## [Task statement]
Look through the data below and output, unchanged, every line from the one holding "Half Metre Adorn" through the one holding "Ethiopian Bold Light", inclusive. Skip the pictures.

(Captioned web image data)
# # # #

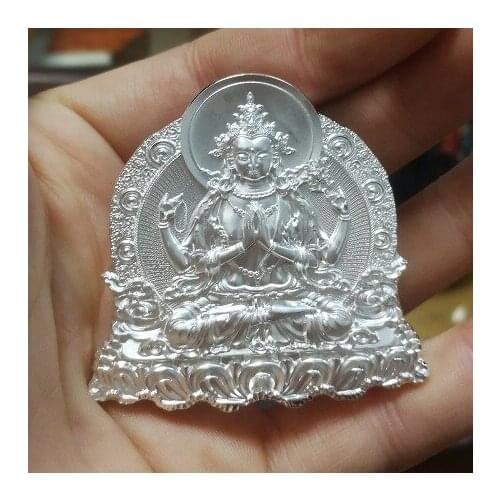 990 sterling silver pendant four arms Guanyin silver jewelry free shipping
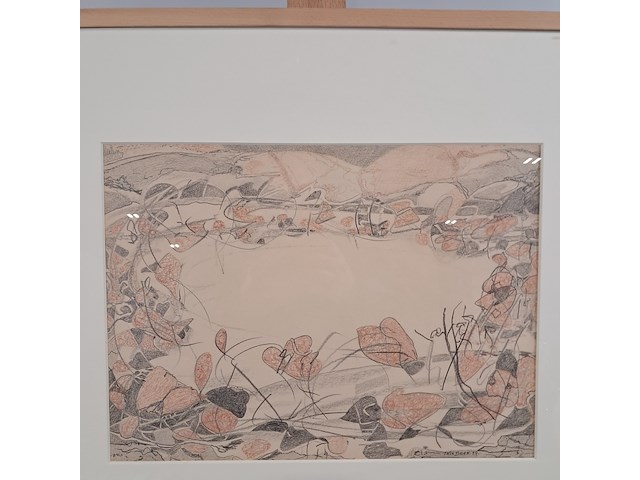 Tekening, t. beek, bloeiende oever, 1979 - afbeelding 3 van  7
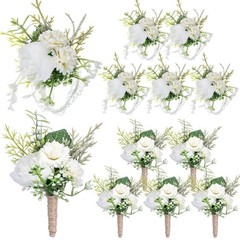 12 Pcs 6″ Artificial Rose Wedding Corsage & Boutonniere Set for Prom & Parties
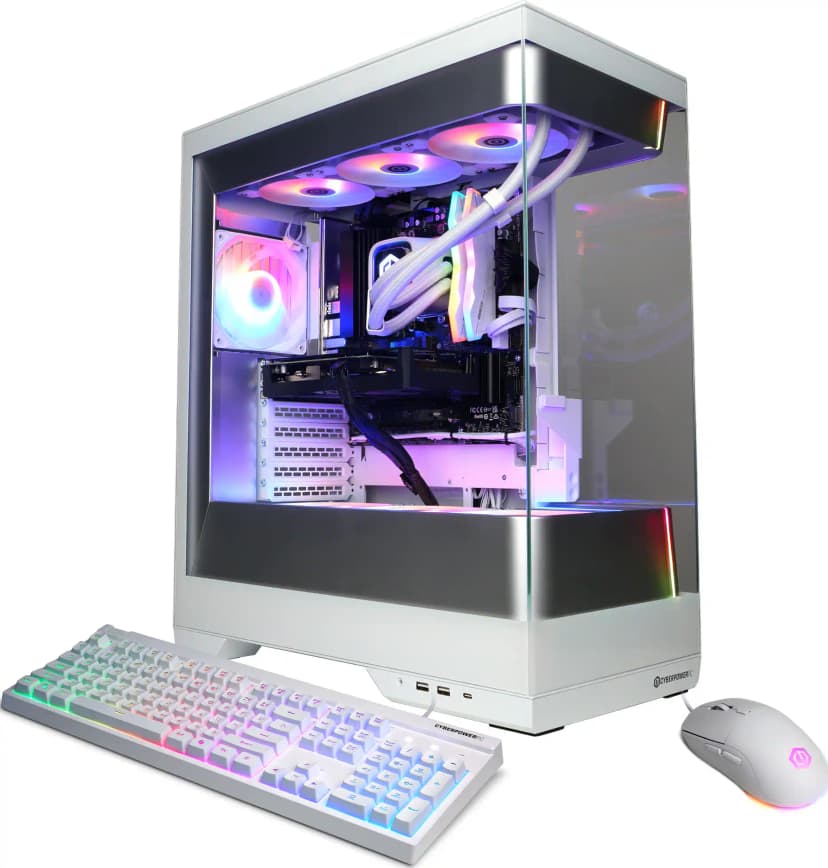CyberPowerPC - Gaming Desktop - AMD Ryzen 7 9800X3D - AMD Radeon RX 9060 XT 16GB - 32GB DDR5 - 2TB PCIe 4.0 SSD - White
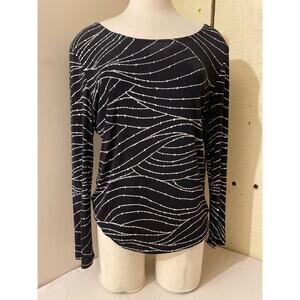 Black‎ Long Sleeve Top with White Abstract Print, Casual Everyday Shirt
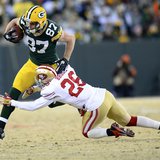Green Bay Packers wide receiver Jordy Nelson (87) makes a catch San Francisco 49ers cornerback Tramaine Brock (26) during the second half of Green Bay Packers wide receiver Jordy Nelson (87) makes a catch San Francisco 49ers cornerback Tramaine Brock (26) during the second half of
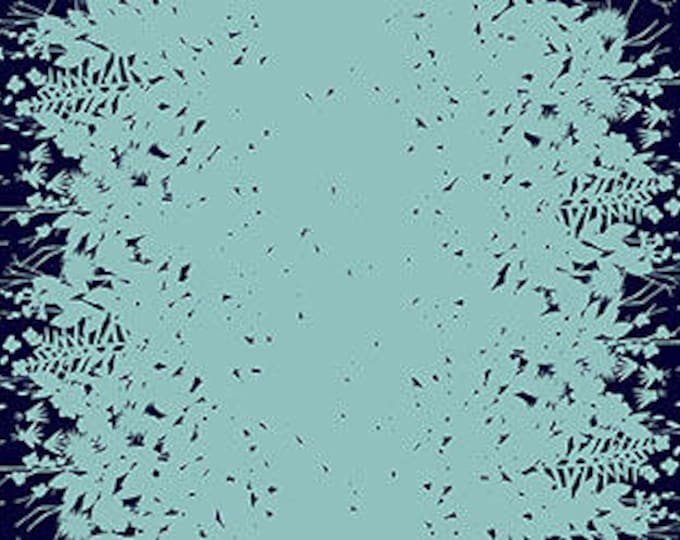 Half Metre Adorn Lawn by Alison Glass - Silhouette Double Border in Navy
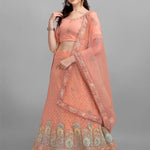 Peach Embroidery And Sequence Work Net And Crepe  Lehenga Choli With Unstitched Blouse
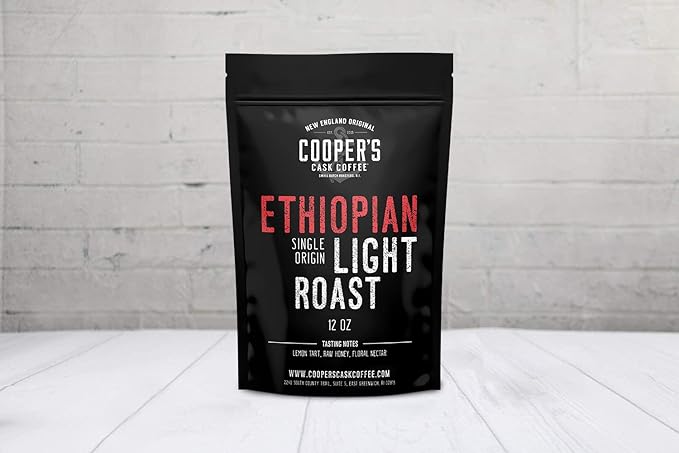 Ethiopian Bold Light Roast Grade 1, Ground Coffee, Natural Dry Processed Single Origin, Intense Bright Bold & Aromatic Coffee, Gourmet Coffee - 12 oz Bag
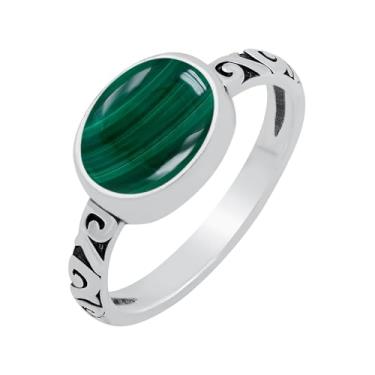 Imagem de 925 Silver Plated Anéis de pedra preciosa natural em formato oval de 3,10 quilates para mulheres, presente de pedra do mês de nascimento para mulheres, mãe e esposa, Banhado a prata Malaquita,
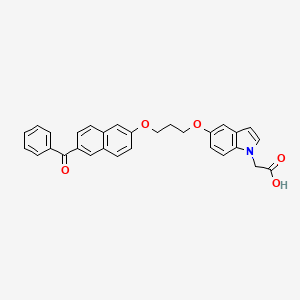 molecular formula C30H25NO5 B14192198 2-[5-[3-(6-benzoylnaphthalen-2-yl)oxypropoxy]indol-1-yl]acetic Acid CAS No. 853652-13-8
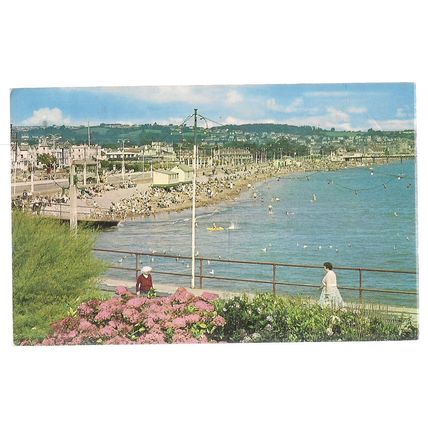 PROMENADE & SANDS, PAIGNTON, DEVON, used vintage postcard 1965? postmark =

# # # #

## [Task response]
 Half Metre Adorn Lawn by Alison Glass - Silhouette Double Border in Navy
 Peach Embroidery And Sequence Work Net And Crepe  Lehenga Choli With Unstitched Blouse
 Ethiopian Bold Light Roast Grade 1, Ground Coffee, Natural Dry Processed Single Origin, Intense Bright Bold & Aromatic Coffee, Gourmet Coffee - 12 oz Bag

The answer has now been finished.